You have started off on the wrong foot. See Why is while ( !feof (file) ) always wrong?. While there are a number of ways to separate the information into id, name, score
, probably the most basic is to simply read an entire line of data into a temporary buffer (character array), and then to use sscanf
to separate id, name & score
.
The parsing with sscanf
is not difficult, the only caveat being that your name
can contain whitespace, so you cannot simply use "%s"
as the format specifier to extract the name. This is mitigated by your score
field always starting with a digit and digits do not occur in names (there are always exceptions to the rule -- and it can be handled with a simple parse with a pair of pointers, but for the basic example we will make this formatting assumption)

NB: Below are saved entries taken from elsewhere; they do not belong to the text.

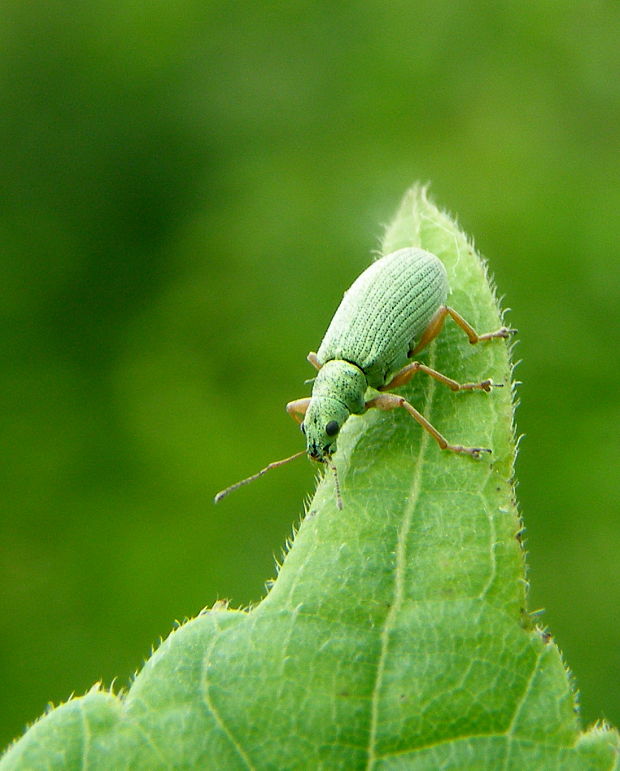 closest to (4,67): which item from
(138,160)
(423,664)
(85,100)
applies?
(85,100)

To make data handling simpler and be able to coordinate all the information for one student as a single object (allowing you to create an array of them to hold all student information) you can use a simple stuct
. Declaring a few constants to set the sizes for everything avoids using Magic-Numbers throughout your code. (though for the sscanf
field-width modifiers, actual numbers must be used as you cannot use constants or variables for the width modifier) For example, your struct could be:
#define MAXID 8 /* if you need a constant, #define one (or more) */
#define MAXNM 64
#define MAXSTD 128
#define MAXLN MAXSTD
typedef struct { /* simple struct to hold student data */
char id[MAXID];
char name[MAXNM];
double score;
} student_t;
(and POSIX reserves the "_t"
suffix for extension of types, but there won't be a "student_t"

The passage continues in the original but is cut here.